According to the Turkish military, officials warned “an unidentified aircraft” ten times over the course of five minutes that its path would violate Turkish airspace over the border town of Yayladagi, in Hatay province. A spokesman for U.S. officials leading the coalition from Baghdad confirmed that his team heard Turkish officials give those warnings over “open channels.”
NATO called an emergency meeting today to address rapidly escalating tensions between Turkey and Russia, where Secretary General Jens Stoltenberg stood in solidarity with Turkey.
According to The Telegraph, Obama spoke with the Turkish president who’s said they’re working to avoid any repeats of todays events:
Recep Tayyip Erdogan, the Turkish president, has spoken to Barack Obama by telephone. The Turkish presidency said: “They were in accord on the importance of de-escalating tensions and making arrangements to prevent a repeat of such incidents.”

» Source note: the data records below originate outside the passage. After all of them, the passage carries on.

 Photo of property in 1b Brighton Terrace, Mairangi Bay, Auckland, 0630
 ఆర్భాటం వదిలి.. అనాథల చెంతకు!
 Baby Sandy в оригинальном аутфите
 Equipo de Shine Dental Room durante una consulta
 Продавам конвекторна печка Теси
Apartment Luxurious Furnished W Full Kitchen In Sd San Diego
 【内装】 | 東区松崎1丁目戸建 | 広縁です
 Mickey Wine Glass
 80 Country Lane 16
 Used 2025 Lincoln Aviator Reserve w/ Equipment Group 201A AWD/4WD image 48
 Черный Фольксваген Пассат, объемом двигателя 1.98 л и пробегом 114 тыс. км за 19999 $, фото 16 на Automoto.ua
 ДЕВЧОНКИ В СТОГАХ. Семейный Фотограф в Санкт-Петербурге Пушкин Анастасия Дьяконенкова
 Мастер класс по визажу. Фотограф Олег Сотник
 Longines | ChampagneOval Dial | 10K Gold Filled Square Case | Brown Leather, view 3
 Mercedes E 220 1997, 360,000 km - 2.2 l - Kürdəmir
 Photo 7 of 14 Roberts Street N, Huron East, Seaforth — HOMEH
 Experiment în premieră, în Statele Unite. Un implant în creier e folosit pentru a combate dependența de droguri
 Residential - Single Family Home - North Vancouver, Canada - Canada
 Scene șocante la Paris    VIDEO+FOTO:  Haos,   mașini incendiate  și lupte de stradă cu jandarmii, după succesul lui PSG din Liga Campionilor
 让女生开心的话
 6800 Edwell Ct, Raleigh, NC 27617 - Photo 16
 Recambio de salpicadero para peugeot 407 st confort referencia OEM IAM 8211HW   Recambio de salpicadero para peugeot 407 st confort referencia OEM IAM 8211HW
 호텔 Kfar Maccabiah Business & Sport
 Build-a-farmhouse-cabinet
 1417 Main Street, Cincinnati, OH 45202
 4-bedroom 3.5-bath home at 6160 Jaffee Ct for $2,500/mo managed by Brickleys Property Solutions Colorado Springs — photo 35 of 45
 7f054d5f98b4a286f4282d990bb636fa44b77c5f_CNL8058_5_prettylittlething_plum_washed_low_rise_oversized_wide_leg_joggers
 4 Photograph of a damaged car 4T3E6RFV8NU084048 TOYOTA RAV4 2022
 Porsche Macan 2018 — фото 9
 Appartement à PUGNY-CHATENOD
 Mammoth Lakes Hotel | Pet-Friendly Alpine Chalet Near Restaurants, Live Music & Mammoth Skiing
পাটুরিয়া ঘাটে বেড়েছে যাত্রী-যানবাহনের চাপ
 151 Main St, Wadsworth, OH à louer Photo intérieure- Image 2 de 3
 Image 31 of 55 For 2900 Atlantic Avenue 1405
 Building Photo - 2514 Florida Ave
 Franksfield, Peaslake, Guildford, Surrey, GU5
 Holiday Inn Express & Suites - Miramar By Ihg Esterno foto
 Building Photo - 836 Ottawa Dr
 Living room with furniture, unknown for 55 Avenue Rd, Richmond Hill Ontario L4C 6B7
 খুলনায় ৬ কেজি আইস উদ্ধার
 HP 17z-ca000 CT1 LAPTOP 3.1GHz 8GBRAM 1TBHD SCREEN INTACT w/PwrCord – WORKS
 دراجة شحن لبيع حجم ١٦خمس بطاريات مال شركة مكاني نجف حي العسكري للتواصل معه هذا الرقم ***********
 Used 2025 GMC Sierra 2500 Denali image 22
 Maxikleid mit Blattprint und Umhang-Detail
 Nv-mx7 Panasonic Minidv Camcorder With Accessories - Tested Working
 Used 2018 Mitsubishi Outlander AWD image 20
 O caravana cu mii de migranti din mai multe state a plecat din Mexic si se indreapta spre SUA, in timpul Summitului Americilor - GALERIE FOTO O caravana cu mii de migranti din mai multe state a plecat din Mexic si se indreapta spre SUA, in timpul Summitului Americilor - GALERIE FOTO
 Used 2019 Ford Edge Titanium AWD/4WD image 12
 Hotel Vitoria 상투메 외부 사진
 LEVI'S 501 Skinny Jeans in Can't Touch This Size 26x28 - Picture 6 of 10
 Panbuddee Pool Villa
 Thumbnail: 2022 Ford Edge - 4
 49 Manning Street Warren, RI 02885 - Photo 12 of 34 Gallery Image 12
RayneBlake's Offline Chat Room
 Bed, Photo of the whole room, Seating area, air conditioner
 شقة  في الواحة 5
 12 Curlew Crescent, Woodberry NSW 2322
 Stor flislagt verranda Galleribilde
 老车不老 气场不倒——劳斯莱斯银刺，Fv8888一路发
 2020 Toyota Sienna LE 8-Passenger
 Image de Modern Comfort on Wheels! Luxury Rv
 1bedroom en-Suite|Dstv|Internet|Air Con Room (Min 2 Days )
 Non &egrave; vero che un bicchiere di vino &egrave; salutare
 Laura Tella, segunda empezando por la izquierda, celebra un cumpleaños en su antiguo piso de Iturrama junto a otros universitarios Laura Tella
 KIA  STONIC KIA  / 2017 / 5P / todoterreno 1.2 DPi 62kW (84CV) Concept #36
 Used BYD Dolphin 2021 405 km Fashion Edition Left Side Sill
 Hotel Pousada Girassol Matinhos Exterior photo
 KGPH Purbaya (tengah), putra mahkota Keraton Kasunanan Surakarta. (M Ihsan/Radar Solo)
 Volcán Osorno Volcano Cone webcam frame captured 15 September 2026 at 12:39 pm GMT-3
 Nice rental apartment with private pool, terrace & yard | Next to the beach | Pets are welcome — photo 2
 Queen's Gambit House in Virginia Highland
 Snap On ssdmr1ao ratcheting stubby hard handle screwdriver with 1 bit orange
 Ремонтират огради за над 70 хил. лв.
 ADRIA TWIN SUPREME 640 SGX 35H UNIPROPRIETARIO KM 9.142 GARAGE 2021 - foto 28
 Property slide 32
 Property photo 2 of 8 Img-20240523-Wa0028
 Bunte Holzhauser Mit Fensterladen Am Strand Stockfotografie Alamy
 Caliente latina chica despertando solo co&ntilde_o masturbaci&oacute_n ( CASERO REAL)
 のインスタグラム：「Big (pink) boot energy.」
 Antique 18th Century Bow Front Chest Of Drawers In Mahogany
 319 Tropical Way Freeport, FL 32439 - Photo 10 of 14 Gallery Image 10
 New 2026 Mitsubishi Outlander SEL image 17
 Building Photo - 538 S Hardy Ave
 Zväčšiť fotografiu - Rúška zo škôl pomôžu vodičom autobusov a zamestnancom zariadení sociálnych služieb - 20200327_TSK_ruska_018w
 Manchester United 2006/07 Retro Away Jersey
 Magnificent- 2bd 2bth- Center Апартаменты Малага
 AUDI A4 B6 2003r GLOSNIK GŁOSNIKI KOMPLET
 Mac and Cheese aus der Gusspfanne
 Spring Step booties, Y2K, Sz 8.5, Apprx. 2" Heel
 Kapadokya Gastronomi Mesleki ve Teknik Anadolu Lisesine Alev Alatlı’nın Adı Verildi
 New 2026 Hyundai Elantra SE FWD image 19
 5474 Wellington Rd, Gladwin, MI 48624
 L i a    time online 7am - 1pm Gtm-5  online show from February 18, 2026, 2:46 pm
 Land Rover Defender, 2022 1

They also expressed their commitment to a bringing about a transitional political process for peace in Syria and joint determination to continue the fight against Isil, the statement added.
Shortly after news of the skirmish broke, Senator Rubio joined Fox News and was asked how the U.S. should respond. Rubio explained that if Turkey finds itself threatened by Russia, the U.S. must respond and defend the Turks.
Rubio spoke to this issue in one of the first presidential debates.
Months ago, I said Russia would start exploiting the vacuum in the Middle East. What I warned about is coming true. https://t.co/dkTnYDrd3a
— Marco Rubio (@marcorubio) November 24, 2015
It’s pretty straightforward: He wants to reposition Russia once again as a geopolitical force. He himself said that the fall of the Soviet Union, the destruction of the Soviet Union, was the greatest catastrophe of the 20th century. And now he’s trying to reverse that. . . . He is exploiting a vacuum that this administration has left in the Middle East.